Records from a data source

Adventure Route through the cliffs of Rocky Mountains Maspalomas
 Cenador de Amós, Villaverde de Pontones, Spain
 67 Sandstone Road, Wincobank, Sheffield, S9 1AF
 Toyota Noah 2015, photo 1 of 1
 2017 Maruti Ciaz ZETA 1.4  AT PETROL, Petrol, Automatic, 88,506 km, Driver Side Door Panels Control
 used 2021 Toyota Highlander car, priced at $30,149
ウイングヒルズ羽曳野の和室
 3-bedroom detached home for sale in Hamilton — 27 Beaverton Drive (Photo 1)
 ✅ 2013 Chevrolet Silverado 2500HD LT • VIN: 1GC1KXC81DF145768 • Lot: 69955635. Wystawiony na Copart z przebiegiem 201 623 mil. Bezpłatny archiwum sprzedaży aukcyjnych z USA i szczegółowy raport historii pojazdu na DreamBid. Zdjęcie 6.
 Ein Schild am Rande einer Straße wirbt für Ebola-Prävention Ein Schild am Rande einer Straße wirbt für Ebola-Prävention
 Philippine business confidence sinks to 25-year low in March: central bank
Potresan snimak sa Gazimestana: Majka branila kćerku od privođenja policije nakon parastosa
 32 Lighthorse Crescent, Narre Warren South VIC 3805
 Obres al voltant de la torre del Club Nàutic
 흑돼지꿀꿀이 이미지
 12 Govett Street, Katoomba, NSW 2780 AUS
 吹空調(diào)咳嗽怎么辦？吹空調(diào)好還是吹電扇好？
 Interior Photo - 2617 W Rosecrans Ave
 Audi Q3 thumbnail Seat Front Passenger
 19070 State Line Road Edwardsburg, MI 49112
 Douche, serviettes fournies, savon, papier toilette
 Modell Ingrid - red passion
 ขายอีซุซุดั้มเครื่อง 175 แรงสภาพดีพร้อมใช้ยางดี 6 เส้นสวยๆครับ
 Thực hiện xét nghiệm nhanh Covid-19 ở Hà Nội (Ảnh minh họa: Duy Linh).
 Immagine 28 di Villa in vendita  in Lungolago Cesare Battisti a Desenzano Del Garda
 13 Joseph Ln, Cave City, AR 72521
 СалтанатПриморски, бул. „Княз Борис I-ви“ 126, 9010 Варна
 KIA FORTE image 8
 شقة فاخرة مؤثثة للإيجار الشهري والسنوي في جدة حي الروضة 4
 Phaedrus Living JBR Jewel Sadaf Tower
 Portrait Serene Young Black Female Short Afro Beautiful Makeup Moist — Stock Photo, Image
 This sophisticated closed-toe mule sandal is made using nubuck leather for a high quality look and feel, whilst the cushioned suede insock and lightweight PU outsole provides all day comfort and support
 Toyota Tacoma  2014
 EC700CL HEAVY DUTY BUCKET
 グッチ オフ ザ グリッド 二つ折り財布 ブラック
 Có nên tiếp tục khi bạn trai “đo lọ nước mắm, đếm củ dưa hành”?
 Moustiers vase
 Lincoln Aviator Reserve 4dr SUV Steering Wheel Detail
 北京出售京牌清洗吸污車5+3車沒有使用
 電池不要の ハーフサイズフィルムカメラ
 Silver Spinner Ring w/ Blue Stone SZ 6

▸ **Problem statement**:
From the line containing "32 Lighthorse Crescent, Narre" through the last line of the entries above, print each line exactly as it stands.

▸ **Response below**:
 32 Lighthorse Crescent, Narre Warren South VIC 3805
 Obres al voltant de la torre del Club Nàutic
 흑돼지꿀꿀이 이미지
 12 Govett Street, Katoomba, NSW 2780 AUS
 吹空調(diào)咳嗽怎么辦？吹空調(diào)好還是吹電扇好？
 Interior Photo - 2617 W Rosecrans Ave
 Audi Q3 thumbnail Seat Front Passenger
 19070 State Line Road Edwardsburg, MI 49112
 Douche, serviettes fournies, savon, papier toilette
 Modell Ingrid - red passion
 ขายอีซุซุดั้มเครื่อง 175 แรงสภาพดีพร้อมใช้ยางดี 6 เส้นสวยๆครับ
 Thực hiện xét nghiệm nhanh Covid-19 ở Hà Nội (Ảnh minh họa: Duy Linh).
 Immagine 28 di Villa in vendita  in Lungolago Cesare Battisti a Desenzano Del Garda
 13 Joseph Ln, Cave City, AR 72521
 СалтанатПриморски, бул. „Княз Борис I-ви“ 126, 9010 Варна
 KIA FORTE image 8
 شقة فاخرة مؤثثة للإيجار الشهري والسنوي في جدة حي الروضة 4
 Phaedrus Living JBR Jewel Sadaf Tower
 Portrait Serene Young Black Female Short Afro Beautiful Makeup Moist — Stock Photo, Image
 This sophisticated closed-toe mule sandal is made using nubuck leather for a high quality look and feel, whilst the cushioned suede insock and lightweight PU outsole provides all day comfort and support
 Toyota Tacoma  2014
 EC700CL HEAVY DUTY BUCKET
 グッチ オフ ザ グリッド 二つ折り財布 ブラック
 Có nên tiếp tục khi bạn trai “đo lọ nước mắm, đếm củ dưa hành”?
 Moustiers vase
 Lincoln Aviator Reserve 4dr SUV Steering Wheel Detail
 北京出售京牌清洗吸污車5+3車沒有使用
 電池不要の ハーフサイズフィルムカメラ
 Silver Spinner Ring w/ Blue Stone SZ 6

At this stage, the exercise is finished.